Activity: Your task is to work out how many lines in the data that follows hold "Black" and to state that number alone.
---------- Supplied information ----------
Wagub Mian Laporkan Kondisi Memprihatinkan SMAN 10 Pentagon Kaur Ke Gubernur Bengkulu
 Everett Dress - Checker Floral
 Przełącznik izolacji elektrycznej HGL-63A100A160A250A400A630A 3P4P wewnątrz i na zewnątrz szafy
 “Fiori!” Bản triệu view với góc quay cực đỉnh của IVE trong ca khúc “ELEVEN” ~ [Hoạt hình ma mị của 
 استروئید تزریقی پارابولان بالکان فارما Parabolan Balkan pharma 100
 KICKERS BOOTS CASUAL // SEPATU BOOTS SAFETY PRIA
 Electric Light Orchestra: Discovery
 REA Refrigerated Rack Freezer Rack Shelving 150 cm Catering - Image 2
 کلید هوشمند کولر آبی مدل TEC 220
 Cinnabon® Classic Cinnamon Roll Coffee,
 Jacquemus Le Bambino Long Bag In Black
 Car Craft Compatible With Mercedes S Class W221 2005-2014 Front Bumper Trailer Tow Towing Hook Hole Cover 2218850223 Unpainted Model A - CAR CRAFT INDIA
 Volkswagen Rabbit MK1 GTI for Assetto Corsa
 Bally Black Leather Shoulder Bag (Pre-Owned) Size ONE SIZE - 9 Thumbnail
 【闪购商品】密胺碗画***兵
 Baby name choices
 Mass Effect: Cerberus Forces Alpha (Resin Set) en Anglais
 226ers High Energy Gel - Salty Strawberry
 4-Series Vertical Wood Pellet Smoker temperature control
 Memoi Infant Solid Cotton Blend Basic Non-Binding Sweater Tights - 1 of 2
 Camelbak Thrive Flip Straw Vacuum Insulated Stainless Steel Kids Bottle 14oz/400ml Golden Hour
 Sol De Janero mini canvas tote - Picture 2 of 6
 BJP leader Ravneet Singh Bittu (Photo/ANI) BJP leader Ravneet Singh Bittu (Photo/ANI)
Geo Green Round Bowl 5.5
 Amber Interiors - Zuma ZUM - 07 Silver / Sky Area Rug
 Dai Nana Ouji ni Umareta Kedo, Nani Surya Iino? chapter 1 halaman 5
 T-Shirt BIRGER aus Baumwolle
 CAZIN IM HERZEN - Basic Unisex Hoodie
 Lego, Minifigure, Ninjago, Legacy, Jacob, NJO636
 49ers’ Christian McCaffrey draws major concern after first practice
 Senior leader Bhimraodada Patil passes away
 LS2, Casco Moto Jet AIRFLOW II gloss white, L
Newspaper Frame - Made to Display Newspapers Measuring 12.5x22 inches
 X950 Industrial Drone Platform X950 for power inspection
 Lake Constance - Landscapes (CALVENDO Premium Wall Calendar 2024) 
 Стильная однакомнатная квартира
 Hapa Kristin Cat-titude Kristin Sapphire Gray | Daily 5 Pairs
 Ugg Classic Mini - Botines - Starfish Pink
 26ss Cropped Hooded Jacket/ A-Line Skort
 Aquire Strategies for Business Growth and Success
----------
Exercise solution: 2